When reporting this issue over IRC, nickm suggested using
tor_error::Report
to generate an error message instead of
copy pasting panic output or even the Display trait’s output
This was the first I saw of this trait, and it took some delving into
tor-error
’s docs to figure out how to use it.
Essentially, tor_error::Report
implements the
report()
method, which generates a nice, easy to understand
error message from the error that has been caught.
So, instead of writing
function_which_fails().unwrap();
and looking at a complicated panic, you can write
match function_which_fails() {
Ok(_) => {
// some code here
},
Err(e) => {
println!("{}", e.report());
}
}
Now knowing this trait was there for Arti’s APIs, it would’ve made
debugging much easier. So, I created an
MR to add a section on Error Reporting in the docs for
arti-client
Now that this was done, I worked on another project under the proposal.
Since the download manager had gotten enough work for a while and the connection checker was stalled, I decided to work on the DNS resolver, which was a sample program I chose specifically to highlight how non-HTTP(S) TCP-based protocols might utilize Arti to make their connections anonymous.
The DNS resolver will use DNS over TCP to make a query to a DNS server for a particular domain.

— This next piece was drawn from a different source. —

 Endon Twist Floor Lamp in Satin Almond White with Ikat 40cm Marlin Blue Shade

I researched the protocol and found that DNS over TCP was virtually identical to regular UDP-based DNS.
This teaching resource helped me understand the DNS header and payload generation, and even provided some dummy values I could use to validate my DNS request.
The first thing I did was write the structs according to the definitions given in the above teaching resource, which I cross-referenced across various other sources.

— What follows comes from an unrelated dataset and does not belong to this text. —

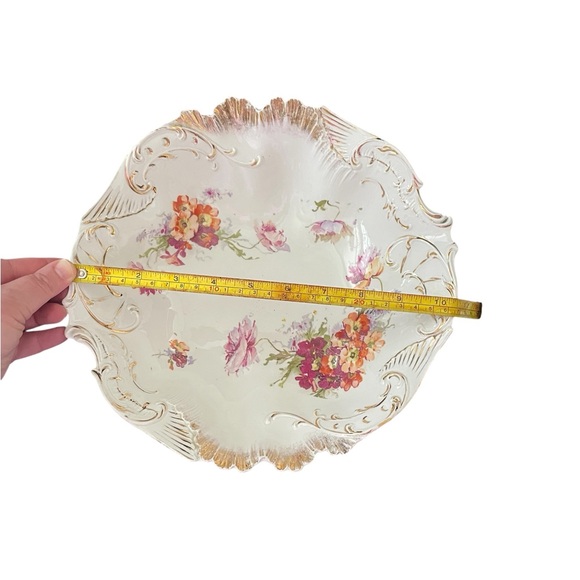 Antique German Porcelain China white/floral gold scalloped edge serving bowl - Picture 9 of 10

After that, I resorted to looking for some crate which could directly
serialize and deserialize the structs into Vec<u8>
,
however, after trying serde
and bincode
I
realized that these crates all used their own bespoke format, and I’d
have to just manually write the code to serialize and deserialize.
In order to do that, I defined a trait AsBytes
which has
as_bytes()
method to be implemented by both
Header
and Query
structs (which represent the
DNS header and query message respectively)
After this was done and I was able to verify that the method worked as intended, I ran into another roadblock: I was getting a response of 0 bytes every time.
While at first I did directly send these bytes over Tor, I later
resorted to using tokio::net::UdpSocket
or
tokio::net::TcpStream
in order to validate my crafted
request. This was a good step, since Wireshark would reveal that my
packet was not, in fact, valid.
I’d first dropped down from Tor to TCP, but when even that didn’t really work I went down to UDP. It was here that Wireshark revealed that my packet was a mangled UDP packet.
Apparently, some values weren’t set right, so after fixing that and verifiying in Wireshark, I went up to TCP. Here is where the statement “DNS over TCP was virtually identical to regular UDP-based DNS” falls apart.
The only real differences I could see from my packet and what
dig
generates for DNS over TCP was the following:
Two bytes being added before my DNS message starts:
0x00 0x33
. I just added these in using
.push()
.
The entire TCP payload being of 53 bytes. The dig
command accomplished this by making an additional request, but adding
support for this seemed to be a bit beyond the objective of this
project, so I (at first) copied the bytes from Wireshark and
appended them to the Vec I was sending over the network. When this
worked, I experimented and found if I simply sent a 53 byte packet, even
I padded them with 0x00
, it would be recognized as a DNS
packet.
Now, I don’t really know why this happens. Keep in mind, I was sending the same exact payload over UDP and TCP, yet the previous iteration (without these hacks) only worked in UDP and not in TCP.
Now, even after doing this, I was able to see that even though my machine gets a response back, all that my Rust program saw was zeroes. I later figured out that by fixing the size of the buffer I used to store the response, I would get the response.